2. There will be massive competition for the most promising companies in areas where software hasn’t yet eaten an obvious and important industry (such as politics, pets, and education)
Maybe the most read startup content of the year was Marc Andreessen’s essay “Why Software is Eating the World,” published in the Wall Street Journal. The point of the piece was simply that it was only a matter of time software and internet services had disrupted every single industry and activity space on the planet. 2012 will be a year in which you see intense competition among investors to get into deals in companies in spaces where software has still had only modest influence (at least relative to the opportunity). Three of my top bets for the industries where this will happen:
- Politics - as much as we like to talk about how much social media changed politics in 2008, there is so much more opportunity. It’s already happening, with companies like Electionear are poised to completely change field organizing for campaigns, and Change.org - a company having immense influence shifting day-to-day policy in business and government - is quietly becoming an 8 figure revenue company.
- Pets - the lack of activity in the pet space is insane. $10 billion spent on pet supplies, $3.5 on per services, and nearly $500m on pet insurance. These are big, big markets with highly inelastic demand and very little in the way of great startups. This will change. Check out Dogvacay for an example of how.
- Education - Education is more than 8% of our annual GDP. More than a trillion dollar US (and about 3x that worldwide) industry, with an incredible flowering of innovative for-profit companies building products and services that engage with formal learning as its currently constituted as well as shifting the nature of formal learning all together. 2011 definitely saw an uptick in general VC interest in the space (a notable example is Greylock & Benchmark’s co-led 15m investment in social learning platform Edmodo), but 2012 will be the year when investors flock in.
3. New York will carve out even more mindshare with young entrepreneurs
New York continues its ass-kicking entrepreneurial ascent. It’s no longer just Foursquare - but a whole host of companies - from Tumblr to Etsy to Kickstarter to Skillshare and beyond - that are making the Big Apple home. Warby Parker has exploded on to the scene as one of the most talked about startups in the world. General Assembly (in the LearnCapital portfolio) is one of the coolest startup spaces in the world and their startup education programs are second to none. Union Square Ventures continues to command incredible mindshare among early stage entrepreneurs, and Lerer Ventures and Thrive Capital are quickly becoming sought after by entrepreneurs on both coasts.

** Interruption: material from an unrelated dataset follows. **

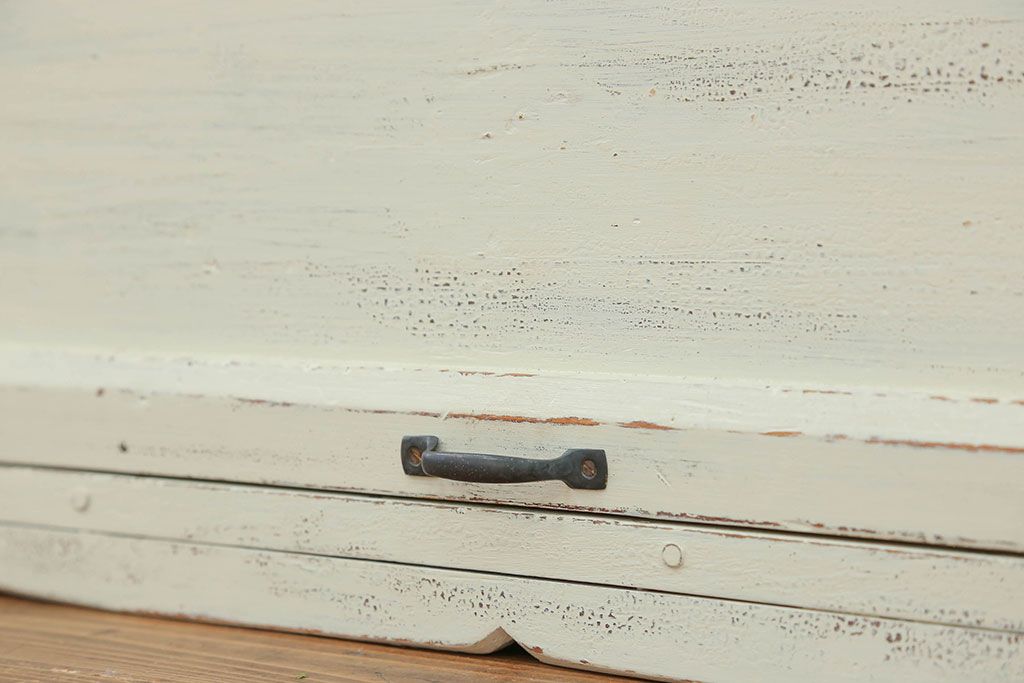 アンティーク家具　アンティークペイント 上開戸の引き出し付き収納棚(ローボード)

In 2012, I think you’ll see more and more startups on the West Coast carving out space in their rounds for NYC investors. What’s more, I think you’ll see continued gravitational pull towards the city for young entrepreneurs trying to decide where to base their companies.
4. Series A (and later) funds will grab more and more of the conversation and “cool” that has recently belonged to the angel investors
On the backs of a massive uptick in incubators and seed investors, the last couple years have seen a startup Cambrian explosion. 2012 will see more and more of those companies running out of cash and coming to the all important proving ground of Series A. As that happens, you’ll see “the hot” funds become the coolest funds doing Series A and later deals with the most interesting companies. And my guess is that a lot of the investors that grab this attention won’t be the Sequoia’s and KPCB’s, but the Lightbanks, Menlos, Founders Funds and Andreesseens. It will be interesting to see if and what impact any shift in “what’s hot” when it comes to a VC trickles to people who have come into the field as angels in the last couple years. I wouldn’t be surprised to see some of the better known solo angels or partners at seed funds jump to bigger firms.
5. E-commerce will be the investment vertical that looks the most different from the past couple years (and look out for the “We are the Fab.com of x…” analogies)
The past couple years have been the years of the flash deal sites, culminating with the Groupon IPO. And if some of the wind has gone out of the space’s collective sails, it has and still commands incredible attention (not to mention revenue and investment dollars). 2012, however, will be about a fundamentally different type of e-commerce, anchored in quality and curation rather than discounts. Fab.com is for sure the poster boy of this - with tens of millions of new dollars in the bank, 100,000 orders a monthly and a nearly $100m revenue run rate already - but there will be many many more as online retailers try to move away from the feel of walking into a big box store or coupon flyer in a newspaper, and instead tap into the feel of walking into an awesome boutique where everything looks awesome.